From Scouts group leaders to Coca Cola’s marketing department, everyone who manages a mailing list, sends out digital marketing materials or cold-contacts possible customers will be affected by the new 2018 data protection legislation. The General Data Protection Regulation (GDPR) is designed to regulate how companies use and store the data of EU citizens and applies to businesses in countries outside the EU, too. This means that even after Brexit is finalised, almost every company, whether in Hampshire, Hanover or Hanoi, will have an EU citizen on their books somewhere, as client or staff member, former, current or potential so everyone needs to be aware of it. Here are a few of the ways the GDPR may impact your business.

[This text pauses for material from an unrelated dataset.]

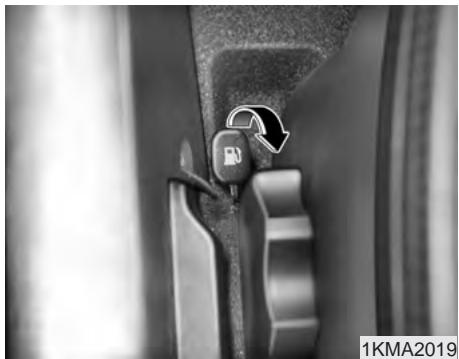 KIA SPORTAGE 2006 - VOLET DU RÉSERVOIR DE CARBURANT - 1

1. Opt-in is now mandatory
If you want more customers to sign up to your newsletter, the easiest way is to put a pre-ticked box next to the ‘buy now’ button. That’s got to go. The GDPR is defines consent as “any freely given, specific, informed and unambiguous indication of the data subject’s wishes by which he or she, by a statement or by a clear affirmative action, signifies agreement to the processing of personal data relating to him or her” [emphasis ours]. While it has yet to be tested in court, it seems evident that an opt-out or a pre-ticked box is unlikely to count as ‘clear affirmative action’ and mandatory or automatic sign-ups are not going to count as ‘freely given’.
2. …Except when consent doesn’t apply
Everyone can think of a ‘what-if’ scenario where data would need to be handled without an individual’s consent. Even if you’re not dealing with prisoners in jail or patients in a coma, there may be reasons why you have the right to gather and process data without consent. You may have, for example, what the EU calls a ‘legitimate interest’. The GDPR even says “The processing of personal data for direct marketing purposes may be regarded as carried out for a legitimate interest.” although it’s not, as yet, clear what the boundaries of this will be. It’s important to note that processing is distinct from gathering, so you may have more freedom once people have handed over their data than when you’re trying to gather it.
3. You’ll need to know how to delete data
Most digital marketing campaigns are managed virtually. Someone creates a newsletter sign up box, individuals sign up, they receive the newsletter, and if they want to unsubscribe they do it through a link in a form. So far so good. With the advent of the GDPR, individuals have more rights to their data, and this includes the right to have data removed. Grounds for demanding data be removed include: withdrawing consent (e.g. ‘I no longer wish to receive your newsletter’); the personal data is no longer necessary (e.g. a transaction is complete, you can’t now use this data for digital marketing).
4. You’ll need to know where your data is is
Individuals will now have the right to know what information companies are holding on them, so you’ll not only need to know how to delete data, you’ll need to know where it is. Many small businesses may struggle with this as it’s common to have data stored in a variety of places as well as under different aliases. For example, if you’re a Hampshire car repair shop, you may have information for ‘Bob Smith’ on paper forms in your office, appointment information in your online calendar, digital marketing information in the cloud under ‘firstname.lastname@example.org’, as well as information provided to appropriate third parties such as the DVLA. Could you find it all if asked?
5. Introducing the right to be forgotten
The right to be forgotten has been making waves online for a few years now, but it’s mainly applied to search engines, not ordinary businesses. With the advent of the GDPR, individuals will have more right to be forgotten, not only by search engines but also by companies and other organizations. In cases where the controller has made the information public (e.g. if you’ve put information on your website), it is the responsibility of the controller to take reasonable steps to ensure that other controllers who may have used this data also remove it.